Mr. French was reared in the Methodist faith by his mother, who was one of the most faithful disciples of John Wesley.  For some years after coming to Evanston, he was connected with the Avenue Presbyterian Church, and served as one of the Trustees of that organization.   Upon the formation of the Congregational Church he united with that society, and still retains his connection therewith.  He cherishes a chair and small table, now over seventy-five years old, which were frequently used by his mother in entertaining church dignitaries at her house, with the decanter of wine which was in those days considered an indispensable adjunct of hospitality.

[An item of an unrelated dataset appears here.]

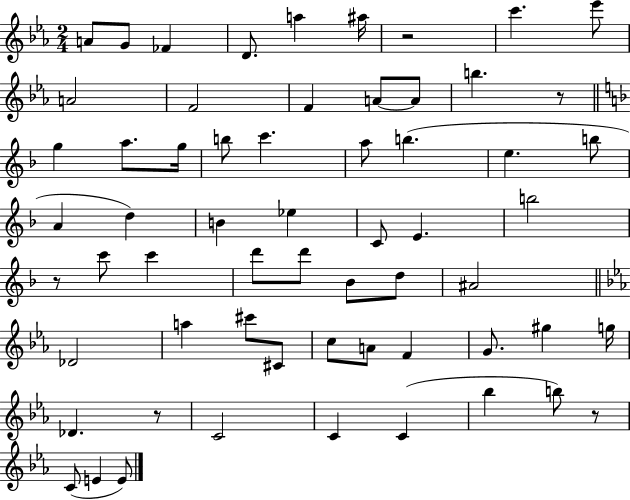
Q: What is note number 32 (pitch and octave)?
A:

Before coming West Mr. French was a contributor toward the construction of Barre Academy, and became one of the corporators of that institution, in which several men since prominent in Chicago business connections received their early training.  He is prominently connected with the Masonic order, which he joined in 1853, and was the originator of Evanston Chapter Number 144, Royal Arch Masons.  For many years he was an officer of that chapter, and in 1885 the first life membership granted by the lodge was bestowed upon him.  He is also one of the charter members of Evanston Commandery, Knights Templar, and his active and disinterested services in behalf of the order have caused him to receive many glowing encomiums from the different lodges with which he has been connected.  He is a member of the Sons of Vermont in Chicago. In political affiliations he was in early life a Whig, and joined the Republican party when it was first organized.  For three years he served as Justice of the Peace in Evanston, discharging his duties with dignity and fairness.  His whole course in life has been such as to justify the confidence of his fellow-men and insure to him a peaceful and honorable old age.